The author draws a strong contrast between the leaders of totalitarian regimes, whose "sins against humanity should never be exonerated" (p. 304), and the pilots who were the subjects of the monstrous acts of Japanese imperialism in drawing these young men full of dreams and idealism to their deaths. There was of course something special about the kamikaze pilots, but to regard them simply as the subjects of "ideological manipulation" (p. 302) is surely a simplification. They accepted their fate, even "volunteered" for it, at least in a limited way. How different were they from the many young officers, students like them, who went to an almost certain [End Page 205] death in the trenches of World War I and in the fighters of the Battle of Britain? We would of course claim they acted out of commitment to a cause in a just war. But what about the many from Britain and the United States who are, as I write, undertaking a war in Iraq that a majority of outsiders does not see at all in the same light?
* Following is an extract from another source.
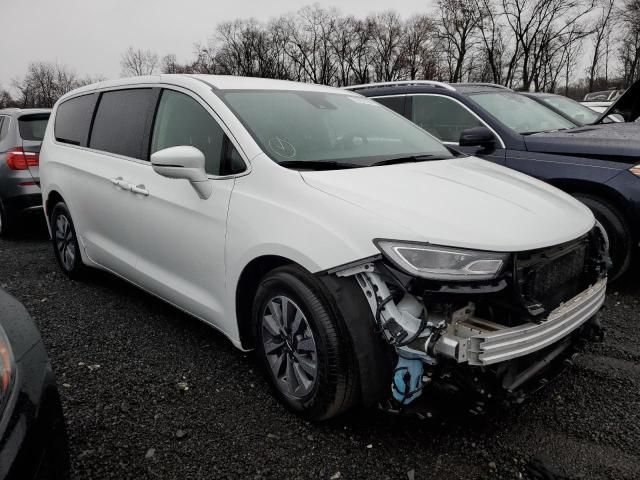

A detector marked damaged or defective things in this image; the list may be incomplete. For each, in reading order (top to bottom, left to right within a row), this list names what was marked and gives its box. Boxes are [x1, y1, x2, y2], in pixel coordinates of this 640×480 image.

damaged front bumper [438, 276, 608, 366]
Much of the book is concerned with the cherry blossoms whose symbolism the author sees as central to Japanese concepts of their country (and their patriotism) and the focus of which shifted to the death of young pilots who fell to the ground like petals. The concentration is on aesthetics and symbols, especially their emotive power and polysemic nature, but the author is more concerned with the failure of symbols to communicate (on reconnaissance) because of the large field of meaning they represent. For the pilots, the cherry blossom was the means by which "they confronted their responsibility to Japan"; it was "the flower with which they think and feel" (p. 282). Aesthetics (a concept to which the author frequently resorts, including in the title) seems to refer to the appreciation of beauty (p. 285) and particularly to the cherry blossom, even when it becomes a symbol of death. I take it the "militarization of aesthetics" in the title refers to the appropriation of the cherry flower for military purposes, but the book surely shows the shortcomings of this appropriation that fails to hide the negative aspects of the military life, including aspects of death itself. To be engulfed in the cherry blossom would be to disregard some of the more intellectual aspects of these intellectuals, as well as the suffering they partly chose to undergo.
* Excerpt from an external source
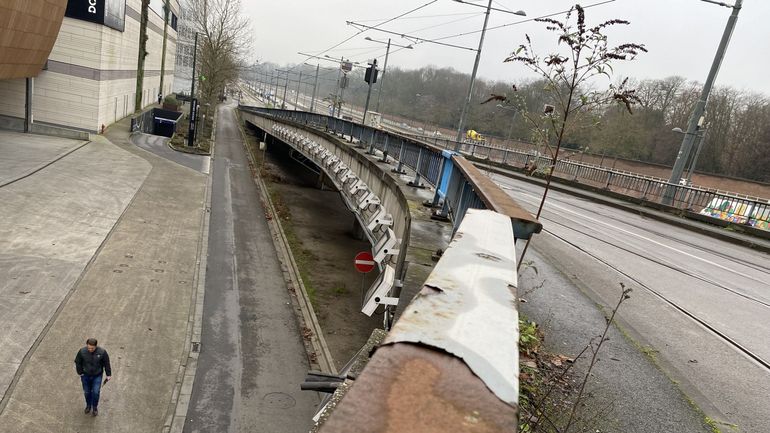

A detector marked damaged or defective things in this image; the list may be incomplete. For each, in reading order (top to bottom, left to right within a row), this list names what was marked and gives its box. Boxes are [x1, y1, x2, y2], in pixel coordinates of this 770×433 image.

I say "chose" because whatever pressures there were, external or internal, the students were volunteers, they had alternatives, as in many other cases. They would scarcely see themselves as manipulated by the state, nor yet by their families, who often objected to their course of action. Conscientious objectors were few, far fewer than in many other places. They went to war, and volunteered for kamikaze, partly because of patriotism, of love of one's birthplace and hence of oneself. But very largely they volunteered because of their peer group, which allowed itself to get caught up in the recruitment process. Once on the parade ground, one had entered a "closed institution." That is not too different anywhere. Under a mass call-up, the students (and others affected) consider themselves as having a higher motivation than those "professionals" in the army for a job; they are carried along by the spirit (including the emulation) of their cohort as well as by the model of past wars and a locally based sense of duty ("patriotism").

Emiko Ohnuki-Tierney has written a fine and original book that raises these questions and others too. In particular it throws a completely new light, for non-Japanese readers, on one of the most startling "differences" in World War II, only to show that there were many similarities in behavior under "fascist" and "democratic" regimes. [End Page 206]

Jack Goody
St. Johns College, Cambridge
Jack Goody

Jack Goody is a professor at St. Johns College, Cambridge. His recent publications include Islam in Europe (Polity Press, 2004) and The European Family (1999).